Jewellery is not a modern concept and is traced back to modern-day Iran between 3000 B.C. and 400 B.C. It is but natural, therefore, that techniques of jewellery making have evolved and become more transformed over centuries. India especially has had an extensive journey with jewellery with Indian women adorning themselves since the eras of Ramayana and Mahabharata. From Sita Mata’s Chudamani to Lord Rama’s signet ring that Hanuman carries across oceans for Sita Mata and Lord Shiva’s Rudraksha beads and Maharaja Ranjit Singh’s Koh-i-Noor, jewellery techniques are rooted deeply in Indian culture, but not all make it as prominently to modern-day designs. With its craftsmanship, Zoya brings back one such technique called ‘gulabi minakari’.
Lotus Flower earrings from Zoya's Banaras collection uses the Gulabi Minakari technique
‘Minakari’ is a Persian art form that involves colouring the surface of metals by fusing different colours. It literally comes from the word ‘Mina’ which translates to ‘heaven’ in Persian. The art form was brought to Indian soil via the Mughal empire in the 1600s and continues to have a large base in Banaras even today.
Lotus Adorned with Leaves necklace from Zoya's Banaras collection uses the Gulabi Minakari and Partaj technique
‘Gulabi Minakari’ is characterized by pink (gulabi) strokes on white enamel, where the pink remains predominant.
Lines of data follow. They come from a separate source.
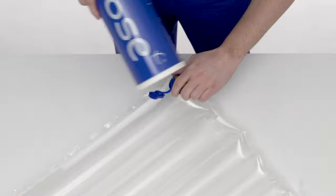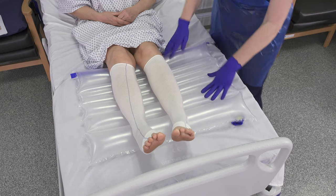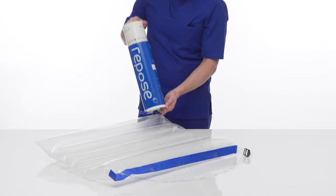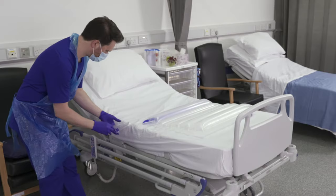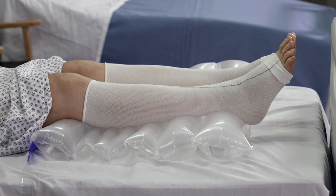Disconnect the pump and cover the valve with the solid end of the Repose sealing cap. Check Repose regularly and top up within a period of no longer than 14 days using the pump supplied. Install Repose with the valve facing down and away from the patient, and secure in place with the integrated retaining strap.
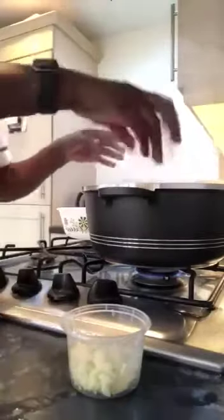I pour my chopped lemons and my grated garlic into the pot.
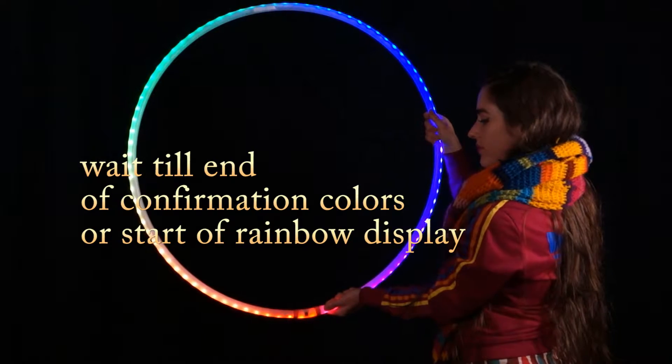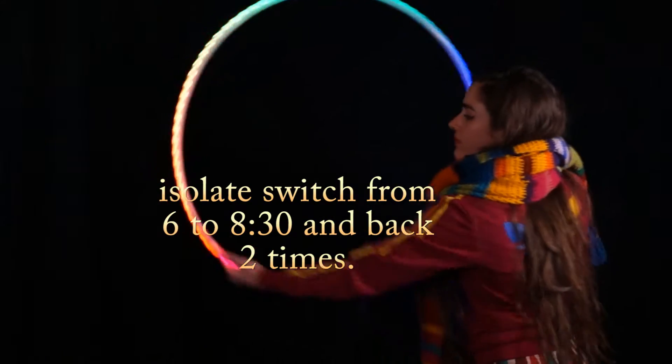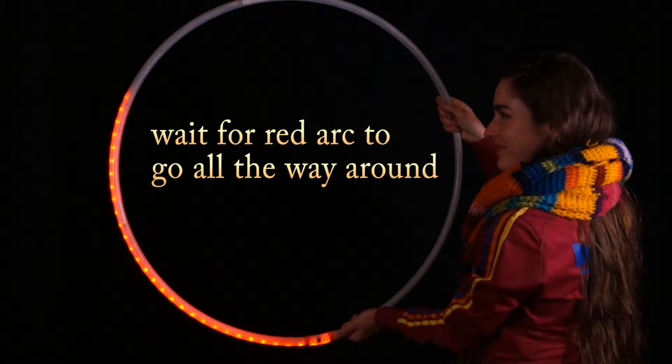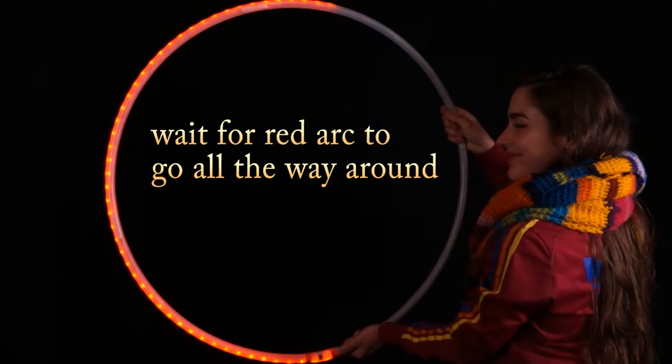Turn the hoop on with the switch at the bottom, do those two isolations from 6 to about 8:30 and back, and wait for the red arc to go all the way around.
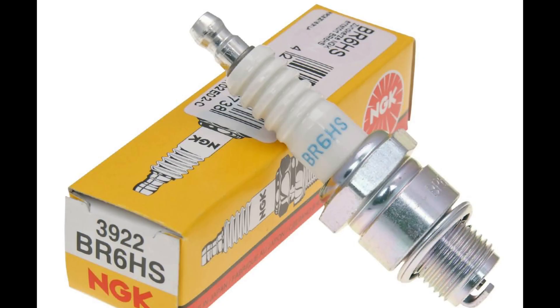Spark plug wise, I run a NGK BR6 HS. This thing is amazing.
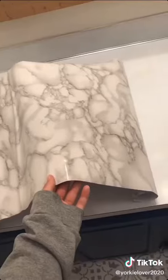Lastly, I needed to apply this marble contact paper to my countertops, but I'm out of time, so stay tuned for the reveal. Bye!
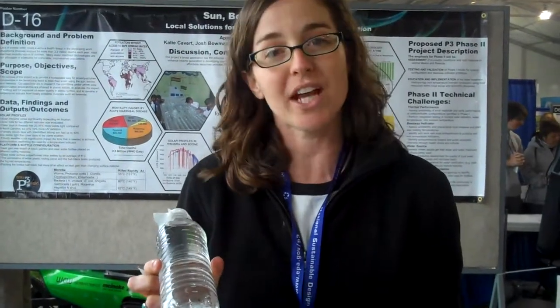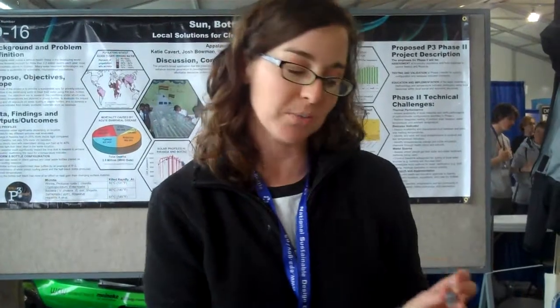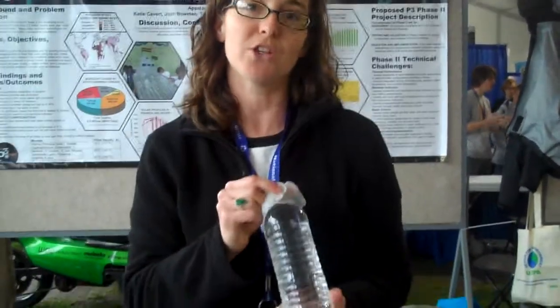But how do you know when the water is ready? Our project was looking at beeswax as an indicator for solar water pasteurization — a temperature indicator so that when beeswax melts in the water, it will be clean to drink. We tested many different kinds of beeswax and plant waxes to see what the melting point was, and also how to encase it inside the water bottle so that you know your water is ready to drink.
Zoya revived this dying art in its Banaras Collection, where the technique brought to life the delicate beauty and vibrant blooming of lotus flowers, both as motifs as well as accents throughout the collection. A tribute to the ‘city more ancient than time itself’, pieces from the Banaras collection were inspired by the mystique of the holy land and used exquisite stones such as malachite, turquoise and pink opals.
Tranquil Chambers of Awadh bangles from Zoya's Awadh collection
Zoya takes pride in keeping the ancient traditions of Indian jewellery making techniques alive via limited edition, capsule collections. They often incorporate some lesser-known techniques or even innovate within existing techniques to bring out certain nuances of their inspirations in the jewellery they create. Their Awadh collection is a great example of the same.
Zardosi Spring earrings from Zoya's Awadh collection
The Awadh collection narrates tales of culture, art and traditions of opulent living in the historic city of Awadh. Pieces were crafted with gold, diamond and polki, inspired by Awadh’s glory. Polki is an uncut and unpolished diamond, used in its natural form without any physical or chemical treatment. It is one of the oldest forms of cut diamonds, originating in India long before western cutting methods were born and remains one of the most demanded features in bridal jewellery. The Awadh collection showcased the rich layering of polkis through the Pachchi technique.
This ruby ring with polki from Zoya's Jewels of Rajputana collection uses the Piroi technique
Partaj work and Piroi (gem stringing) are also commonly used in Zoya’s collections.
With its fine work, Zoya is steadily shifting consumer perception of fine jewellery from being mainly a store of value towards aesthetic and pride in ownership. Patrons of the age-old Indian karigari, Zoya prides itself on designs that give a contemporary form to traditional craft. Zoya’s pieces are brought to life by the steadiest of hands and sharpest of eyes as it enters its tenth year of empowering and celebrating women across India with exclusively created and designed luxury jewellery. With its heart in India and an eye on the world, Zoya is redefining the way fine jewellery is experienced in India.